FP_rates <- apply(res[c(1, 3), ], 1, \(x) mean(x < .05))

SE_dat <- rbind(data.frame(type = 'RI', SE = res[2, ]),
                data.frame(type = 'RI + RS', SE = res[4, ]))

p <- ggplot(SE_dat, aes(SE, fill = type)) +
  geom_histogram() +
  scale_fill_manual(values = c('salmon', 'cornflowerblue')) +
  annotate('text', x = median(res[4, ]), y = 200,
           label = paste0('Ratio of median SEs (RI + RS / RI):\n',
                          round(median(res[4, ])/median(res[2, ]), digits = 3))) +
  theme(legend.position = 'bottom') +
  labs(title = 'Standard errors estimated from LMMs for fixed effect of x',
       fill = 'Random effects',
       x = 'Standard error', y = 'Count',
       caption = 'RI: Random intercepts\nRS: Random slopes')

cat('False-positive rates for the fixed effect of x (alpha = .05):\n',
    '\n\tRandom intercepts only:', FP_rates[1],
    '\n\tRandom intercepts and random slopes:', FP_rates[2])

False-positive rates for the fixed effect of x (alpha = .05):
 
    Random intercepts only: 0.242 
    Random intercepts and random slopes: 0.051

Show code

When there was true heterogeneity in the effect of x between clusters, estimating models with only random slopes resulted in drastically underestimated standard errors.

Barr et al. advise “includ[ing] the maximal random effects structure justified by the design.” Practical advice relevant to this case comes from Gelman, who has pointed out that omitting terms (e.g., a random effect, an interaction of fixed effects) is still taking a position on them: It’s fixing them to zero.
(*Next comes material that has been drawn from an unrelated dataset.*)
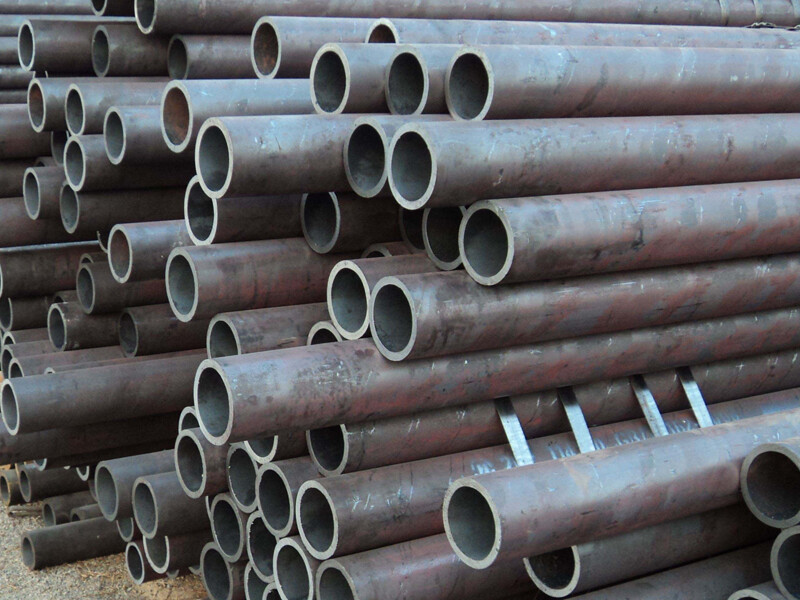 08F / 1008 / SPHD,SPHE / DC01(1.0330) Carbon Steel Tube/Pipe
Our task is to determine if that is actually reasonable.

Schielzeth and Forstmeier (2009) described this problem and made a helpful distinction between models targeting predictors that vary between-cluster versus models targeting predictors that vary within-cluster:

…in a study of differential allocation, [female zebra finches] are paired experimentally to either attractive or unattractive [male zebra finches (Bolund et al., 2009)]. They are allowed to produce a clutch, and egg sizes are measured for all eggs. When the interest is to estimate the effect of the treatment (attractive vs. unattractive male) on mean egg size, it is sufficient to include individual-specific random intercept effects, that is, allowing females to differ in their mean egg sizes and hence intercepts. This will effectively control for the nonindependence of eggs coming from the same female when the factor of interest, the treatment, is applied to some of the females. However, many studies also focused on how the treatment affects the patterns of female investment over the laying sequence within a clutch. In this case, a model that controls for individual-specific intercepts only, but not for individual-specific slopes of investment (of egg size over the laying sequence), will greatly underestimate the P value of 1) the slope main effect and 2) the treatment by laying order interaction, leading to many false-positive findings.